Pronunciation in the Refold method develops organically through massive input, with targeted practice layered on top in the speaking phases. You don't need to drill pronunciation from day one — in fact, too much early focus on production can cement bad habits before your ears are trained.
When you grow up speaking a language, your brain learns to sort all the sounds you hear into a fixed set of categories — like sorting colors into bins. Sounds that are slightly different but fall into the same bin all get treated as identical.

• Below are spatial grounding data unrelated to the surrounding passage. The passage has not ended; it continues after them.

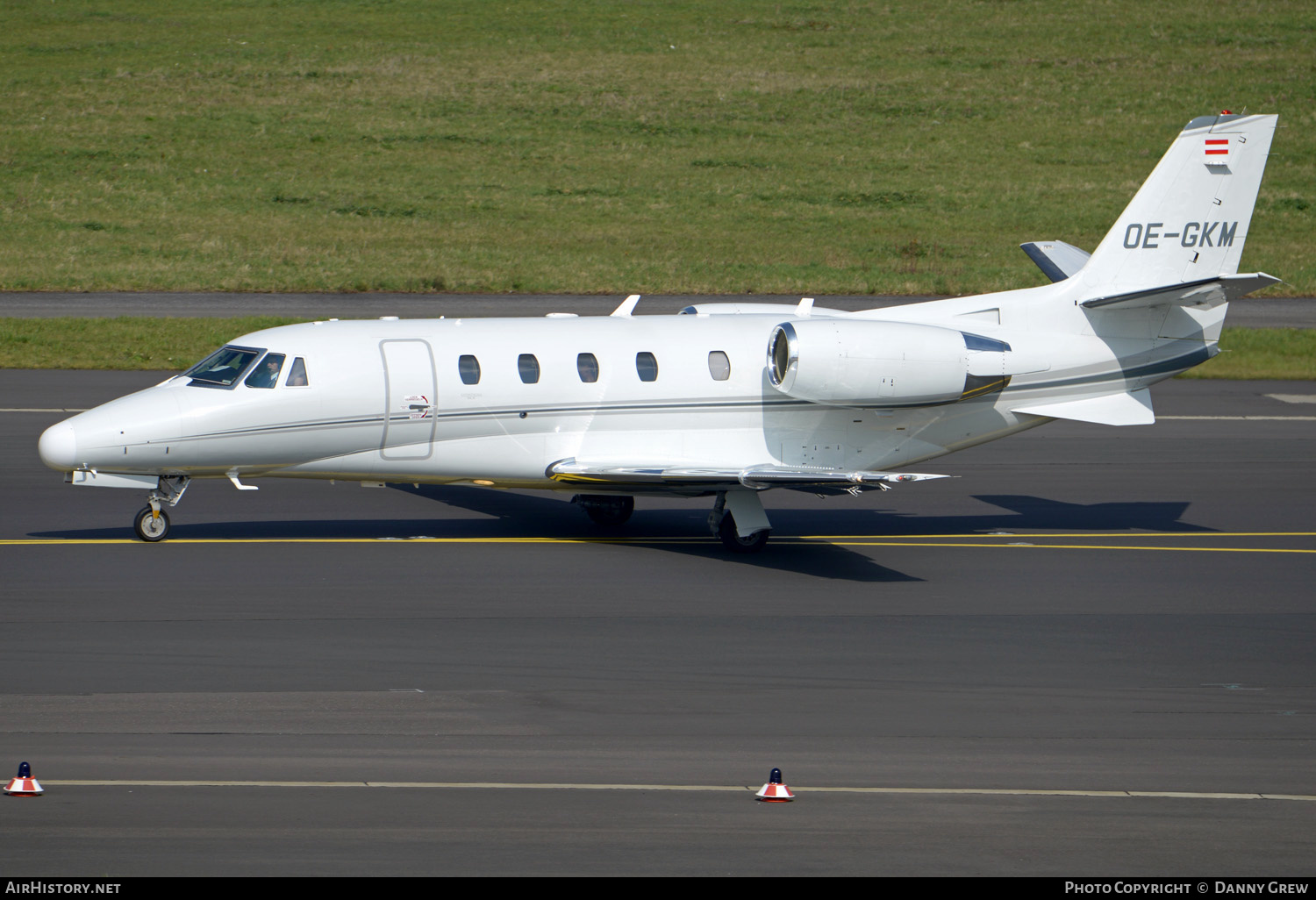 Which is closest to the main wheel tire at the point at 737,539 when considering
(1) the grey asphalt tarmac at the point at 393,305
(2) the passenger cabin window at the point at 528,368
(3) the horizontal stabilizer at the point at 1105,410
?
(2) the passenger cabin window at the point at 528,368

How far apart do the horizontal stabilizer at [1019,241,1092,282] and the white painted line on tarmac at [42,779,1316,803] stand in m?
12.3

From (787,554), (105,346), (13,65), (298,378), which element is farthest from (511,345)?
(13,65)

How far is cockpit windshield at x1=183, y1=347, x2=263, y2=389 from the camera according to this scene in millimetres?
18750

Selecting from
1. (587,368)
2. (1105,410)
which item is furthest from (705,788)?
(1105,410)

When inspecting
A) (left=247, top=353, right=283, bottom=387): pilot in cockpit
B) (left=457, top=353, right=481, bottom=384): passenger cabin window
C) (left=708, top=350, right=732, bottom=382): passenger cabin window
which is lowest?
(left=247, top=353, right=283, bottom=387): pilot in cockpit

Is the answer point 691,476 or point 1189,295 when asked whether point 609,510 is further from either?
point 1189,295

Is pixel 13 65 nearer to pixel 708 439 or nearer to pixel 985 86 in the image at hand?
pixel 985 86

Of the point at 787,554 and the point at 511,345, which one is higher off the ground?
the point at 511,345

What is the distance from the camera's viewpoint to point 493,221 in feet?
189

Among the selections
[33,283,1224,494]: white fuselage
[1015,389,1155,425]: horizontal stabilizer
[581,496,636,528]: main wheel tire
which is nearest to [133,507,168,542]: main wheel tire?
[33,283,1224,494]: white fuselage

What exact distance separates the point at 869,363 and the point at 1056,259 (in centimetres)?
594

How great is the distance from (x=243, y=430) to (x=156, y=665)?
4.73 m

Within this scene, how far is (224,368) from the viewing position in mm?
18891

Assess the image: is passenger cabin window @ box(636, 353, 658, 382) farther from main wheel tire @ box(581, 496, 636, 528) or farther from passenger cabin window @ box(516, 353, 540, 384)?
main wheel tire @ box(581, 496, 636, 528)
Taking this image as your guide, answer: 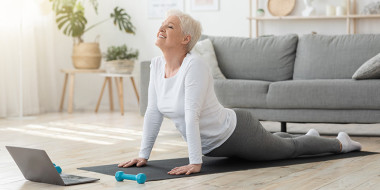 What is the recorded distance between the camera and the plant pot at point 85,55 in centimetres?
672

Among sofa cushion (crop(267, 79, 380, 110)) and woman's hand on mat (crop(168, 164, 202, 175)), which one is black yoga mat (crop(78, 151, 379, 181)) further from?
sofa cushion (crop(267, 79, 380, 110))

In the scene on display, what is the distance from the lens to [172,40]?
9.24ft

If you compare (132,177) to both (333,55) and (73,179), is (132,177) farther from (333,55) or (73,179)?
(333,55)

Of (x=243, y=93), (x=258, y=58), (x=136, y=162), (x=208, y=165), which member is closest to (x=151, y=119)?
(x=136, y=162)

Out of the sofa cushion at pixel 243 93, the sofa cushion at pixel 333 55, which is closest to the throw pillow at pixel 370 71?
the sofa cushion at pixel 333 55

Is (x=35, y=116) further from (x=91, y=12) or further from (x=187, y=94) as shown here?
(x=187, y=94)

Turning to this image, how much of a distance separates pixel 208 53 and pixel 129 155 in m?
1.73

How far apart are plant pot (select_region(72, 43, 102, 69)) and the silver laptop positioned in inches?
159

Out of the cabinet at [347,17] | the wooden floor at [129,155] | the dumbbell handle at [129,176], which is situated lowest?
the wooden floor at [129,155]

This is efficient for your native language, but it becomes a problem when learning a new one: your brain "snaps" unfamiliar sounds to the closest category it already knows. This is why English speakers pronounce the final vowel in "sombrero" as an English "oh" sound rather than the pure Spanish "o" — they're snapping to the closest vowel their brain recognizes.

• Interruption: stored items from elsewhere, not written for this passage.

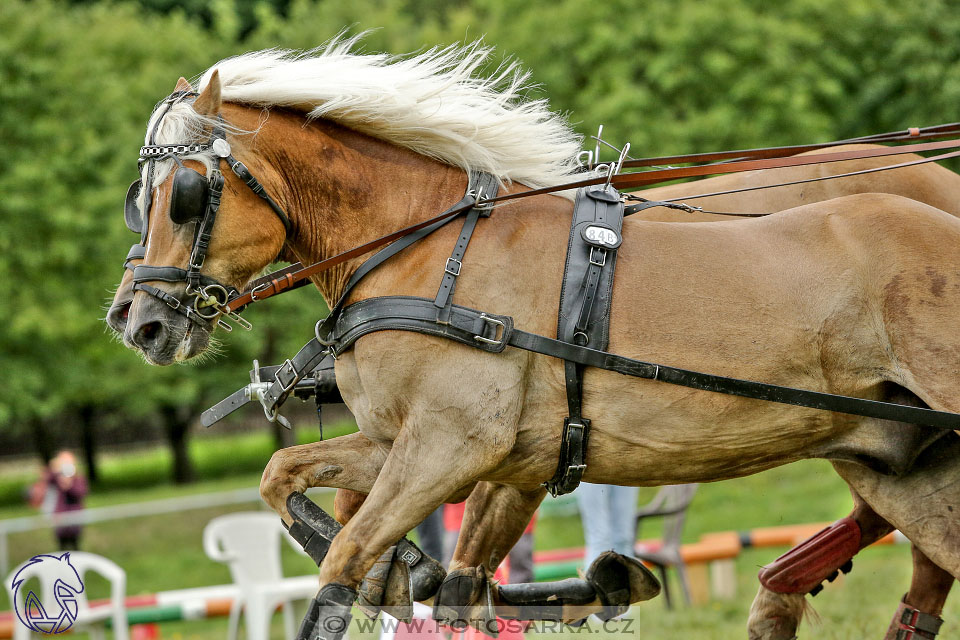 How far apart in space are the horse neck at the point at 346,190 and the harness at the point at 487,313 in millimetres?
89

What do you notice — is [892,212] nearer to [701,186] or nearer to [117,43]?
[701,186]

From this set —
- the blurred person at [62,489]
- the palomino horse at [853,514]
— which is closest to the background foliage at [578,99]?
the blurred person at [62,489]

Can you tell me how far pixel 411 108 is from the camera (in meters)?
3.94

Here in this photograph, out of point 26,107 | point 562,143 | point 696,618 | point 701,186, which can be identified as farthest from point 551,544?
point 26,107

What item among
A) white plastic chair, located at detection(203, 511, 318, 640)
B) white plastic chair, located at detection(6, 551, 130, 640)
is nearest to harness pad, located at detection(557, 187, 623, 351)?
white plastic chair, located at detection(203, 511, 318, 640)

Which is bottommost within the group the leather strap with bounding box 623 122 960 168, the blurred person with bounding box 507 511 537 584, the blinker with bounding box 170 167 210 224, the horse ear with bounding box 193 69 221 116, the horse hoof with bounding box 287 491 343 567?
the blurred person with bounding box 507 511 537 584

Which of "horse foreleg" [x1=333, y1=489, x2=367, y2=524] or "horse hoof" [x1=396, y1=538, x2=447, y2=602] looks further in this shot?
"horse foreleg" [x1=333, y1=489, x2=367, y2=524]

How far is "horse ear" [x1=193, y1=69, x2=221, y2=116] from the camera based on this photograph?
3.78m

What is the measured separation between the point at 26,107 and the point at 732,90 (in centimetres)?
1235

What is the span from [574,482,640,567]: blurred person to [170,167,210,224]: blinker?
422 cm

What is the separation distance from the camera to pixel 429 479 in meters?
3.58

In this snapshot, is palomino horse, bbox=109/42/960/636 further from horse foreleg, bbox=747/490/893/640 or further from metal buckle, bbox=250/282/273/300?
horse foreleg, bbox=747/490/893/640

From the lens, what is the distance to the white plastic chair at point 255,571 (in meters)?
7.95

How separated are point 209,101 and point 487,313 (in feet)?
4.29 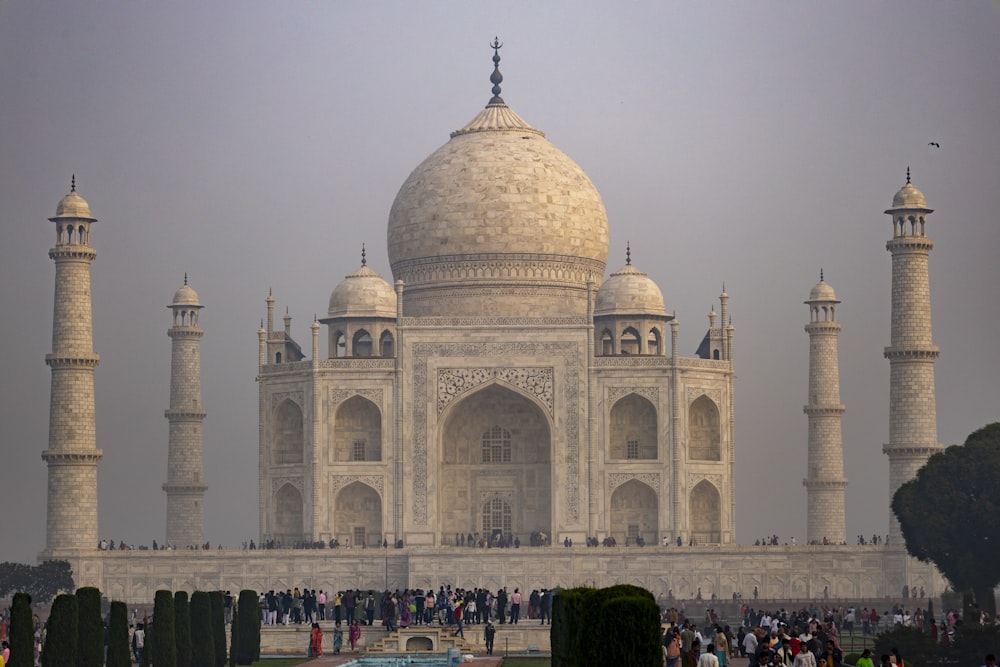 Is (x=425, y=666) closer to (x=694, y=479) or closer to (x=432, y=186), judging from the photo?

Hundreds of hours of listening helps your brain start to recognize new categories instead of forcing everything through your native language filter. If you try to produce sounds before your brain can distinguish them, you'll just produce the closest native-language equivalent — and then practice that mistake over and over.
A little technical knowledge about how sounds are produced can dramatically speed up your pronunciation practice. You don't need to memorize the IPA, but knowing the basics helps you understand what to do with your mouth when a sound isn't coming out right.
Vowels are open, unobstructed sounds that exist on a spectrum — like colors. They're defined by three factors: how open your jaw is, how forward or back your tongue is, and how rounded your lips are. Learning a new vowel means adjusting these dimensions to hit a different point than what your mouth is used to. 
A useful exercise is to change one dimension at a time — for example, try saying an "ee" sound but with rounded lips to produce the German/French "ü" sound.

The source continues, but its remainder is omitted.